**Task prompt**
From the records that follow, return exactly the lines beginning at the one that contains "Solid Brass and" and ending at the one that contains "内镜下诊治30例上消化道异物体会", pictures left out.

Crawled caption data:
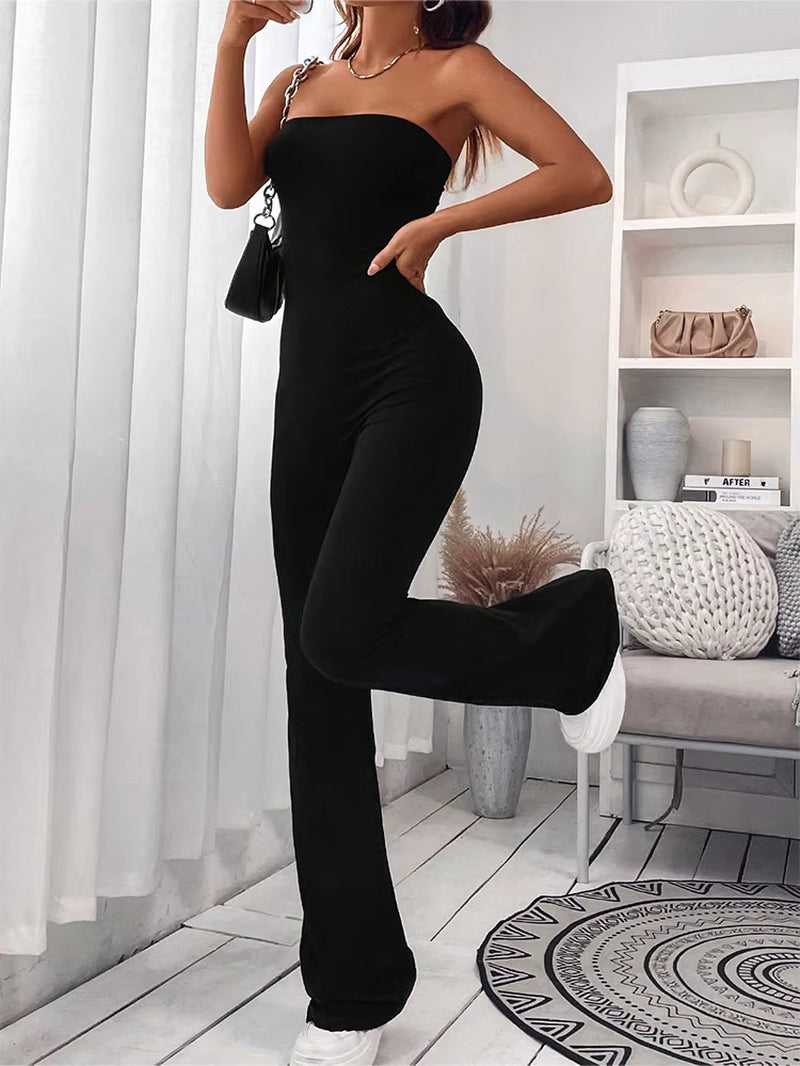 Black Drawstring One-Piece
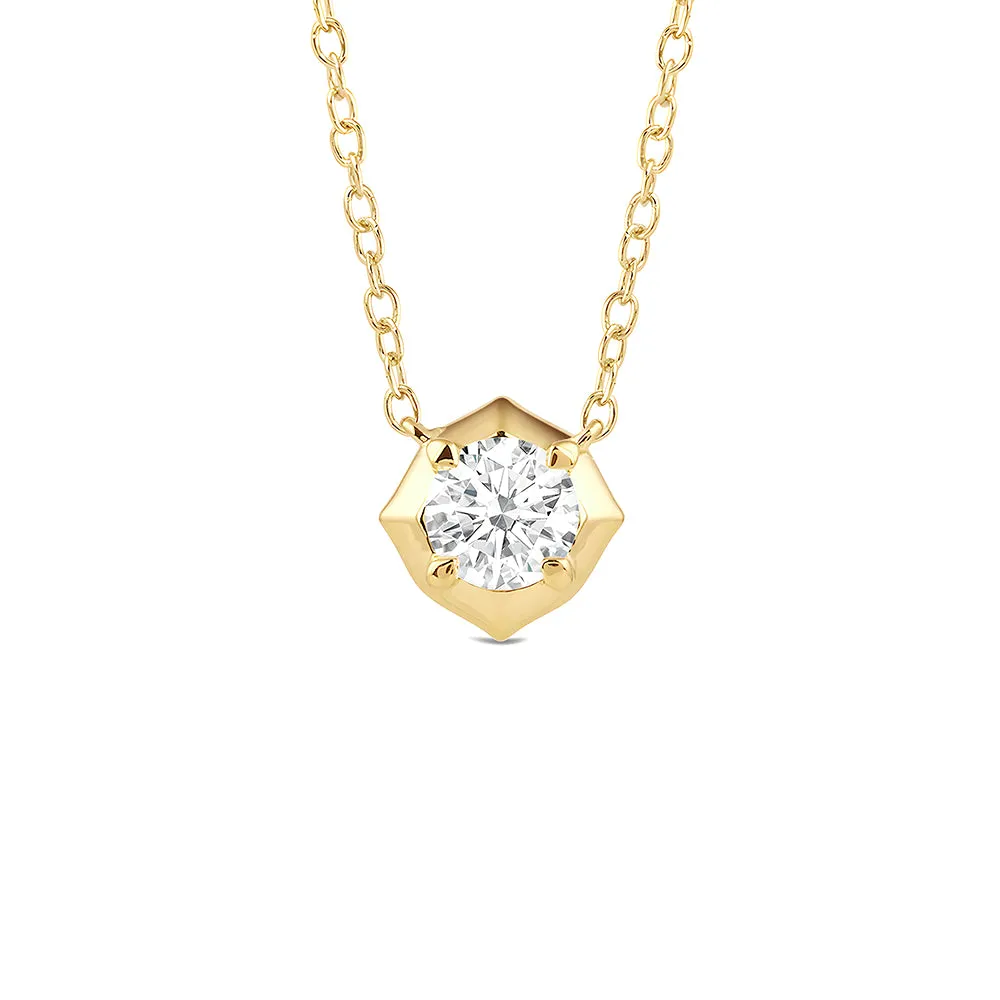 Hexagonal Lab Grown Diamond Solitaire Pendant Necklace sold by MSBLUE Jewelry product image thumbnail 4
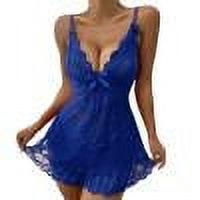 kamemir Plus Size Lingerie for Curvy Women Women Lingerie Lace Strap Chemise Halter V Neck Sleepwear(Blue XL)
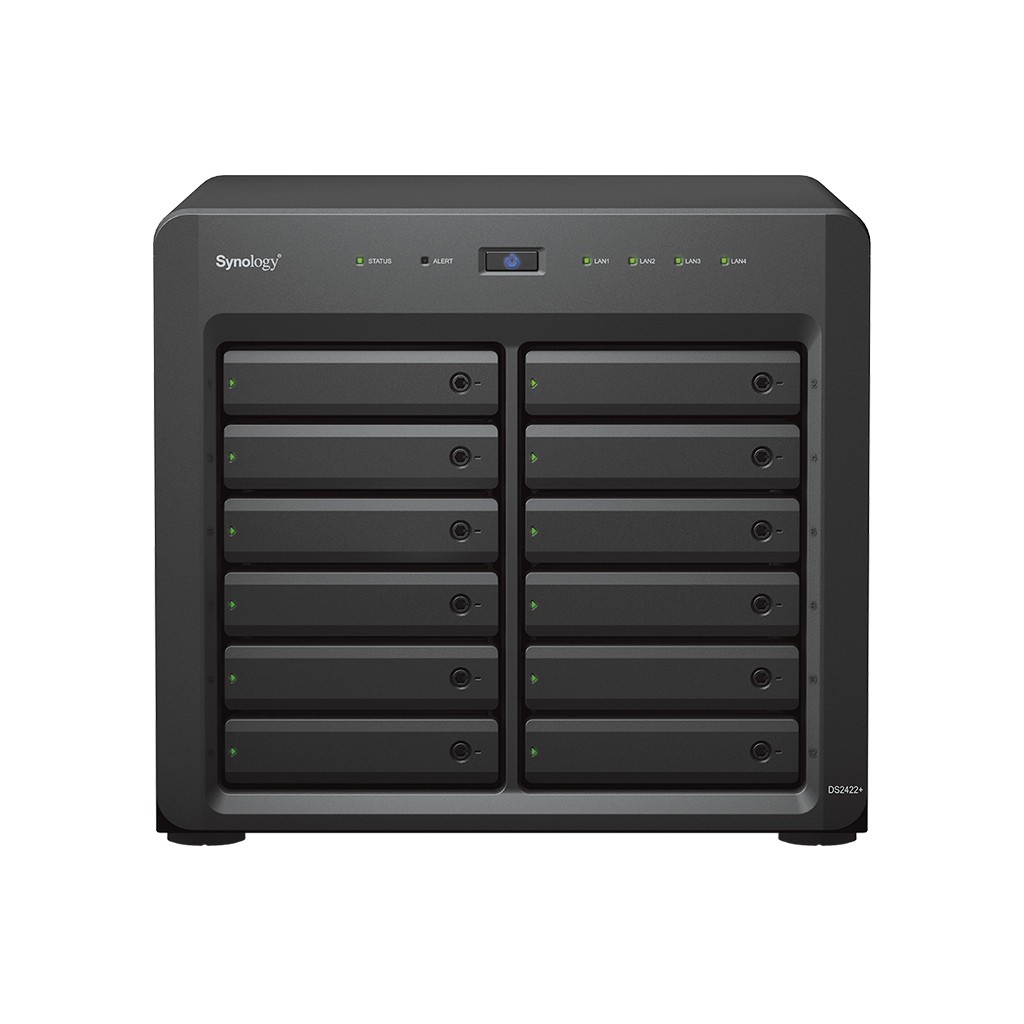Black Synology DiskStation DS2422+ NAS with a sleek design, featuring 12 drive bays, LED indicators, and a power button on the front panel.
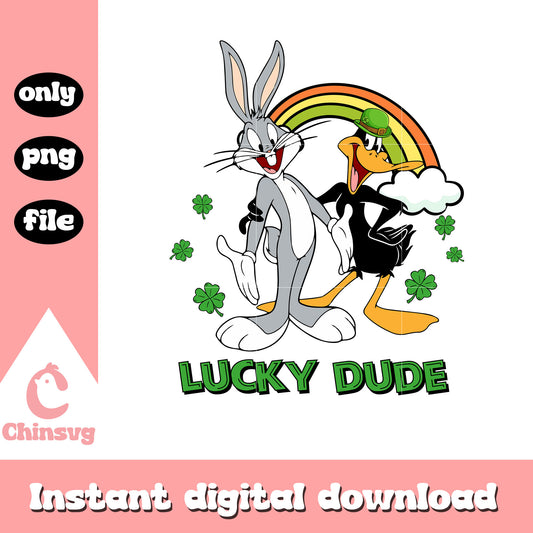 Bugs and Daffy duck lucky dude png, happy saint patricks day png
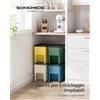 SONGMICS Cestino da Cucina Raccolta Differenziata, Set di 4 Pattumiere Impilabili 20L, Smaltimento Rifiuti, Coperchi a Pressione, Adesivi, Contenitori, Giallo, Blu, Beige e Verde
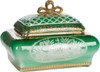 Solid Brass and Cut Emerald Green Glass Decorative Container - 7" - Luxe Life Brand
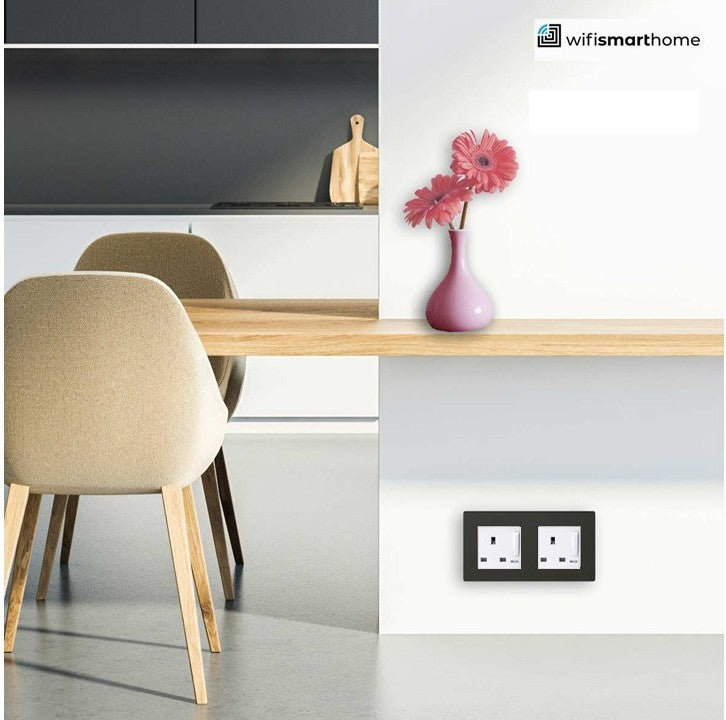 Pure Glass - Double Luxury UK Socket - 13 AMP - with Switch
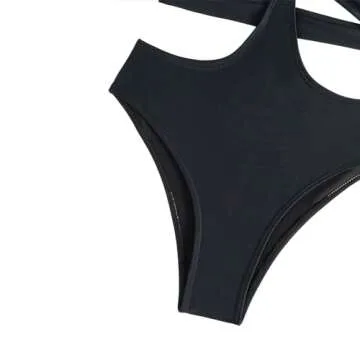 Favnac Women's Deep V Neck One Piece Swimsuit Sexy Cut Out Bathing Suit O-Ring Swimwear Black Large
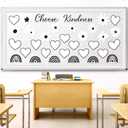 130Pcs Back to School Choose Kindness Bulletin Board Decorations, Black White Flower Boho Rainbow Cutouts Border Trims Name Tags School Positive Classroom Chalkboard Supplies Wall Door Decor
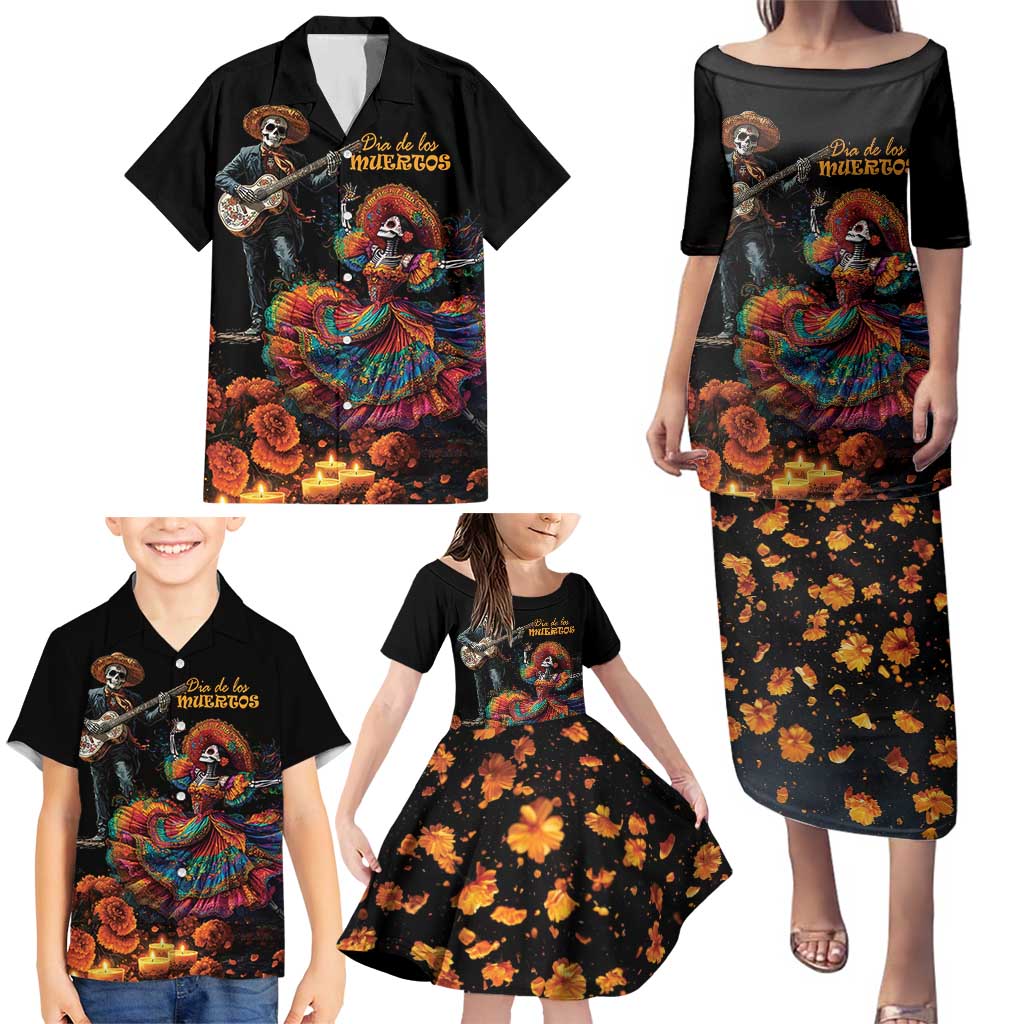 Mexico Dia de los Muertos Family Matching Puletasi and Hawaiian Shirt La Calavera Catrina - Wonder Print Shop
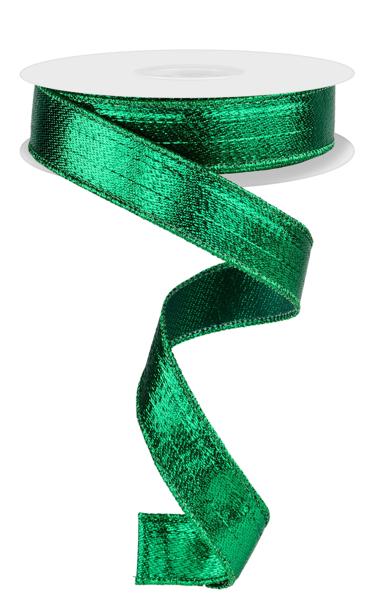 7/8" Metallic Ribbon: Emerald Green (10 Yards) RG0739906 - White Bayou Wreaths & Supply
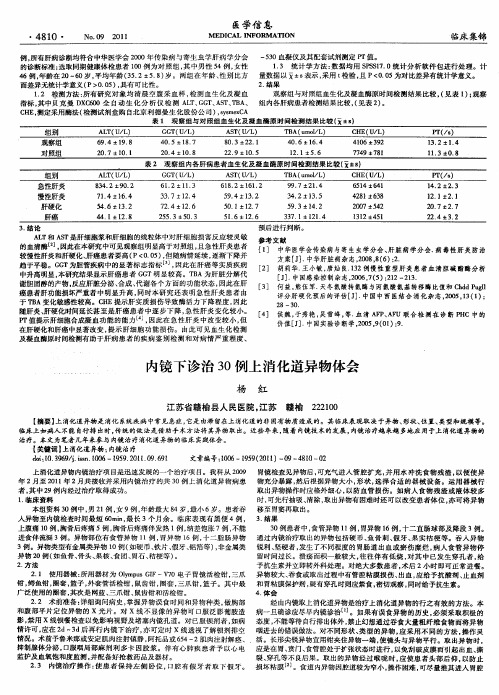 内镜下诊治30例上消化道异物体会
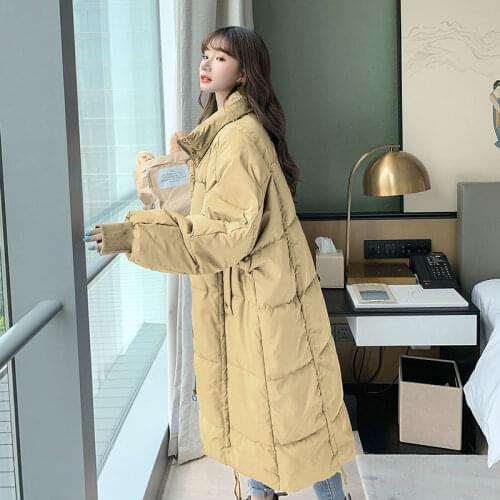 Hstar Winter New Korean Fashion Long Coat Womens Clothing Loose Warm Thick Black Parkas Vintage Female Oversized Outwears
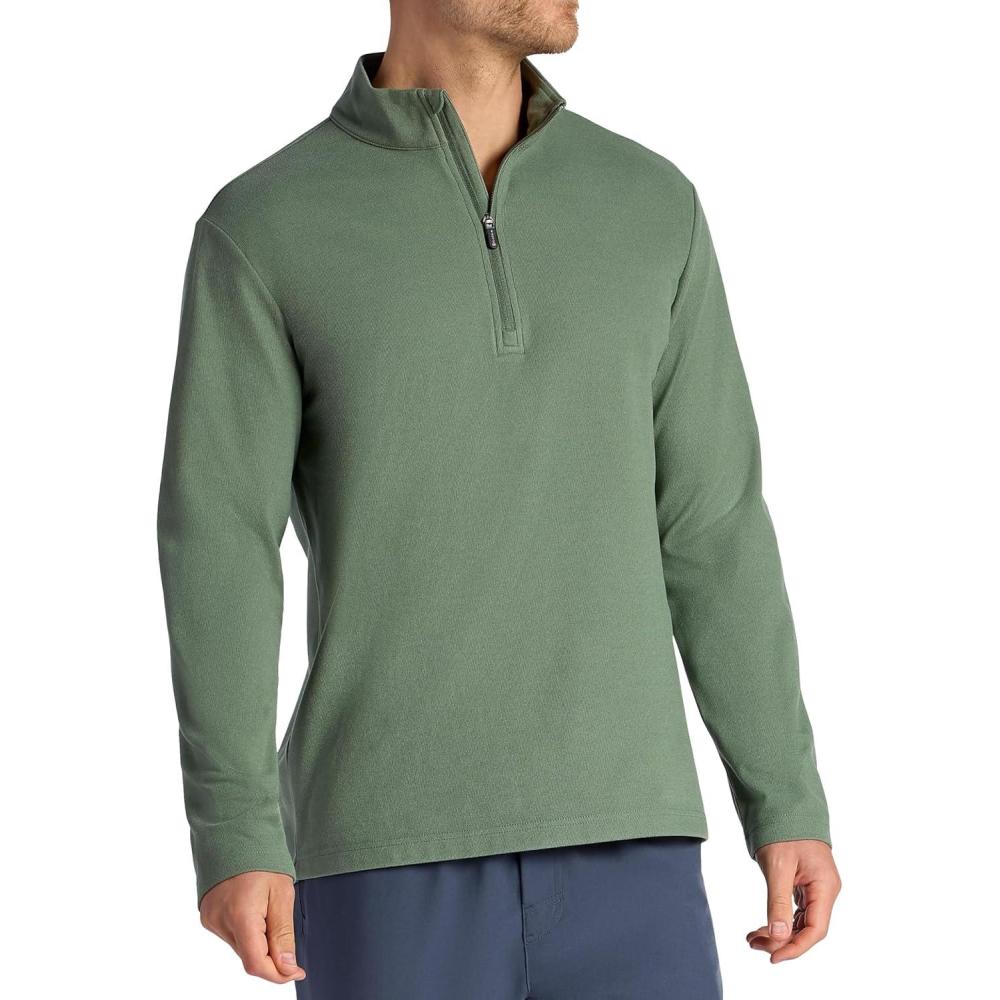 imageGaiam mens Reform Long Sleeve Quarterzip Standard Fit Stretch Midweight MaterialDuck Green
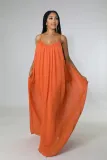 Chiffon Solid Color Casual Open Back Sling Dress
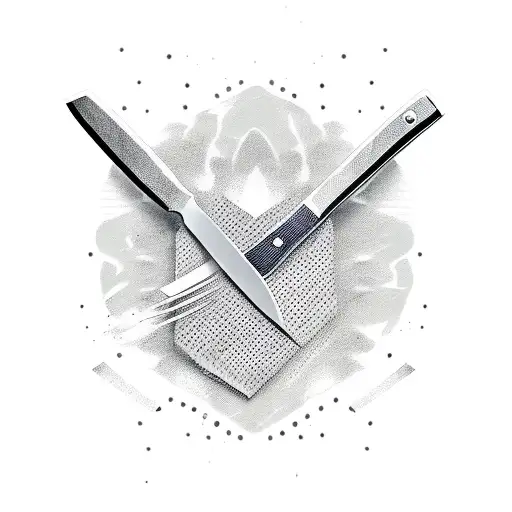 butcher knife tattoo design idea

**Your response**
 Solid Brass and Cut Emerald Green Glass Decorative Container - 7" - Luxe Life Brand
 Pure Glass - Double Luxury UK Socket - 13 AMP - with Switch
 Favnac Women's Deep V Neck One Piece Swimsuit Sexy Cut Out Bathing Suit O-Ring Swimwear Black Large
 130Pcs Back to School Choose Kindness Bulletin Board Decorations, Black White Flower Boho Rainbow Cutouts Border Trims Name Tags School Positive Classroom Chalkboard Supplies Wall Door Decor
 Mexico Dia de los Muertos Family Matching Puletasi and Hawaiian Shirt La Calavera Catrina - Wonder Print Shop
 7/8" Metallic Ribbon: Emerald Green (10 Yards) RG0739906 - White Bayou Wreaths & Supply
 内镜下诊治30例上消化道异物体会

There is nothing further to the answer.